ネタバレあります。そうそう、なるべく早く劇場に入った方がいいと思います。ロビーにいろいろと仕掛けがあります。

初演は観逃しています。松尾さんが演出に専念するのは珍しいけれど、再演にあたって脚本の補足も手掛けたのかな。笑いを増幅させたところと、ツイッターが出てきたところ。エッセンス的な使われ方ではあったが、これがあるとないとではかなりの違いが出たのではないかと思う。

初演は2000年で、webで通販、とか、携帯電話の使い方、と言った部分は、当時まだそんなに普及していなかったからこその、カルト的な情報提供とその収集と言う図式として効果的だったのだと思う。「『自分だけが知っている』と言う優越感と『何故皆知らないの?』と言う歯痒さ」「当事者が期待している程は外部の人間に拡がっていかない」と言うこの関係は、今では殆ど当たり前のようになっている。これは、共通言語がどんどん減ってきていることにも繋がる。それをより強力にしていくのがツイッター。webサイトからの情報発信は、2000年当時はまだ網羅出来ないこともなかった。検索を駆使すれば、web上にある相当数の情報は探し出せないこともなかった。ツイッターは網羅を諦めるくらいには膨大な数で、流れも早い。あまり使いたくない言葉ではあるが、「情報格差」を歯痒いと思うか、諦めるか。ここが奇妙な程にリアルだった。ゾッとする程。ツイッターもギリギリのところかも、数年後には違うツールが出てきているかも。松尾さんの嗅覚の鋭さには毎回ビビる。

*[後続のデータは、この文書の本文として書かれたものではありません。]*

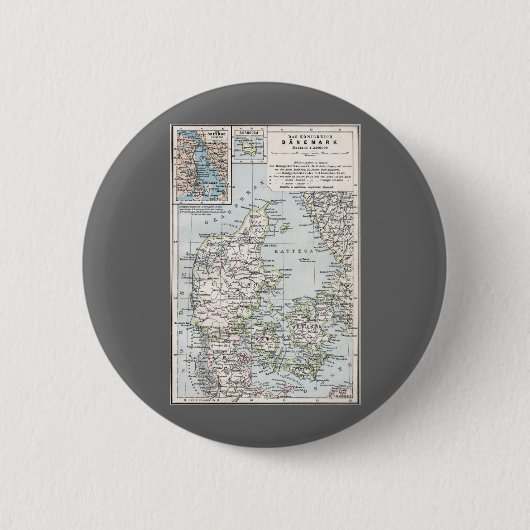 Antik Karte Dänemarks, Danmark in Dänisch, 1905 Button (Vorderseite)
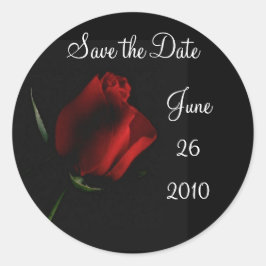 Red Rose op zwart-pas het aan Ronde Sticker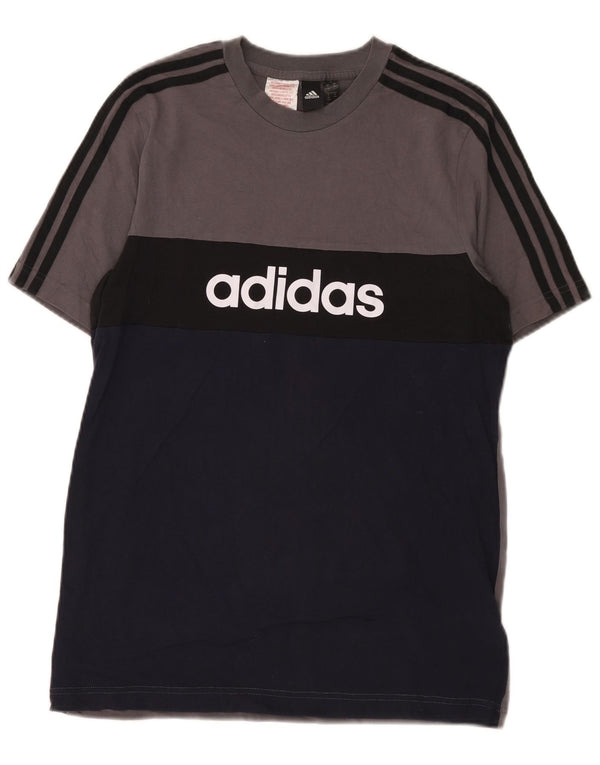 Camiseta Adidas Meninos Graphic 15-16 Anos Cinza Colorblock Algodão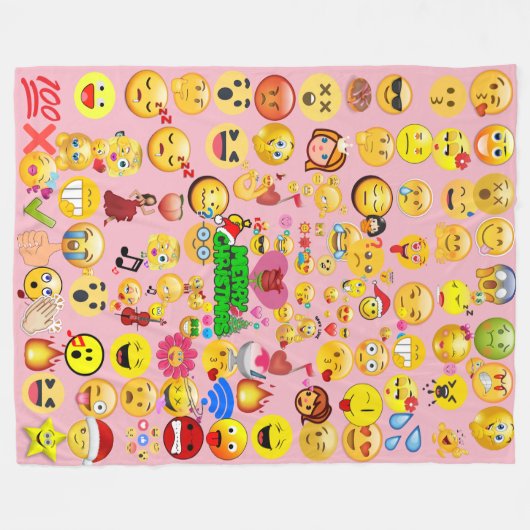 emoji-overbelasting fleece deken (Voorkant (Horizontaal))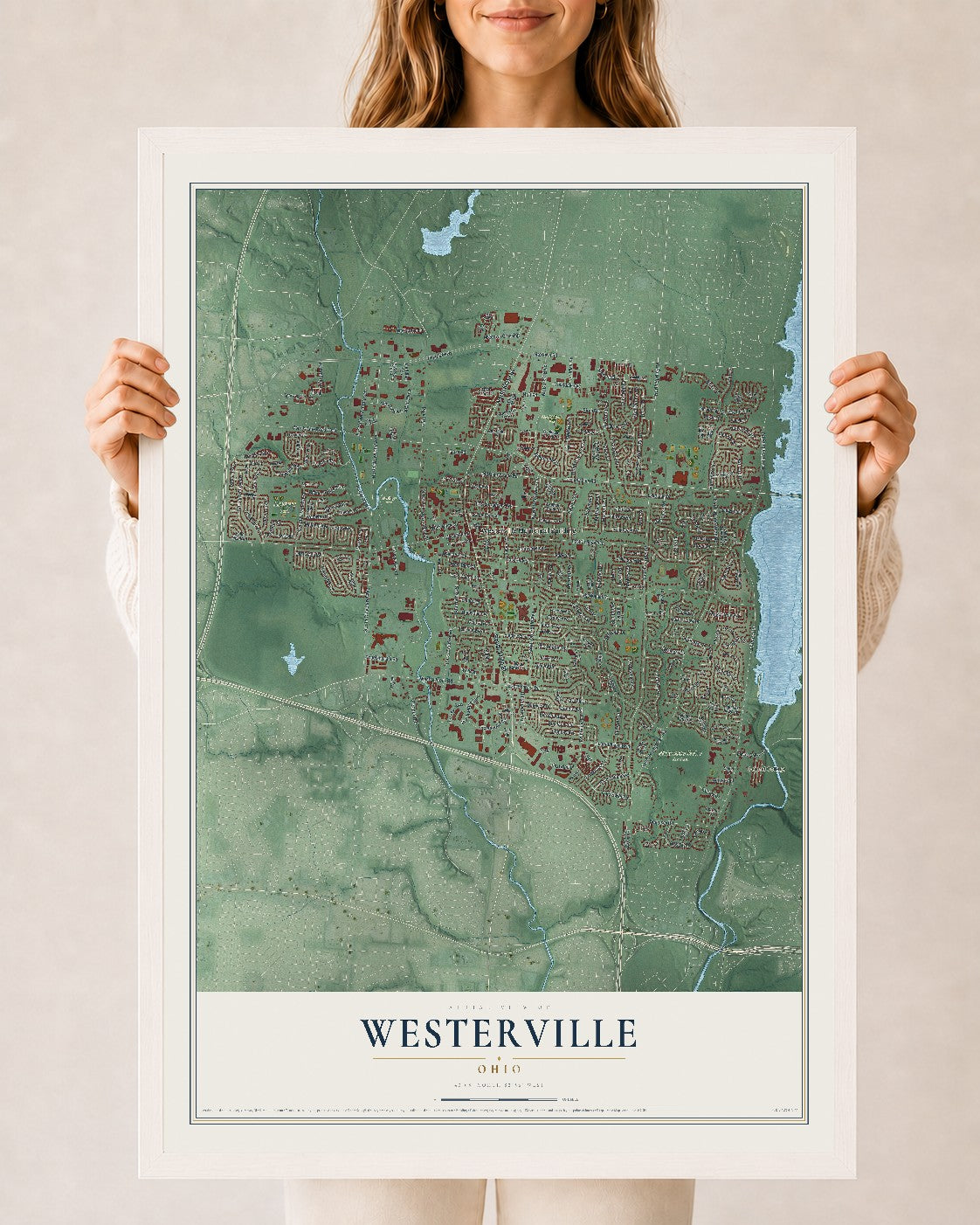 Map of Westerville, Ohio, 24 x 36 inch print in a white wood frame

ただ、先日観た菊地成孔と金原ひとみのトークイヴェントでも話題にのぼった「インターネット上に不在である」ひとと言うのは必ずいて、webに関わらない方が穏やかに暮らせるひともいるし、そもそもweb上に存在しようとしゃかりきにならない方がいいひともいる。それは世俗から離れる、劇中の言葉で言えば大衆の“気分”から離れることでもあり、ひょっとしたらこのことが百子の未来に光を示すものではないかと思い、少しだけ希望を持った。そして、彼女を失った山本に思いを馳せた。ファシズムは独裁者ではなく、大衆の気分が作り上げる。

「東京都青少年育成条例の改正案」はどうなるのだろう。マンガだけではない、表現と言う表現にその規制とやらは拡がっていく。『農業少女』も、内容からしてひっかかっている。

プログラムでも指摘されていたモチーフ『ロリータ』がよりハッキリしたのも松尾さんの演出に因るところが多いと思います。「少女を想う中年男のみじめな恋と、ファシズムに関する思索が交錯する斬新なアプローチの舞台」。衣裳からセットから抽象的なもので成立させる野田演出とは違い(小道具の使い方は野田さんに寄ったところもあったように思うが)、徹底して笑いを織り込み、人間の滑稽さからもの悲しさを浮かび上がらせる。うーん、これ、『パンドラの鐘』演出合戦の時に、ストーリーの骨子が明確に伝わったのは蜷川演出の方だったことを思い出した。勿論どちらも感動的な仕上がりでしたが。

舞台初出演の多部未華子さんの身体性は替えが利かないと思わせられる説得力、まさに百子。その身体をフルに使って表現した多部さんの役者力も素晴らしい。あの無邪気さ、残酷さ、傷付きやすい繊細な心と、ひとを試し傷付けることを楽しむ心が同居出来る。これは見事だった。吹越さん、山崎さん、江本さん皆見応えのある立ち方でした。映像で野田さんがひっそり出演していたのにはウケた。

あと個人的には、わたくし九州出身で、東京に出てきたばかりの頃、家のポストにオウム真理教のコンサートのチラシ(宗教思想については触れておらず、コンサートをしますよと言うお知らせのみ)が入っていて、こんなのがあるのかあ、随分近所だな。無料だし、面白いのかな。としばらくそのチラシを保管していたことを思い出した。もしあのコンサートに行っていたら、今頃私はどうなっていただろう。今回の芝居に宗教は絡んでこないけど、ひとりの冷静で卑小なカリスマと、それに熱狂する若者たち、と言う光景をよりリアルに感じたのも、そのことがあったからだと思う。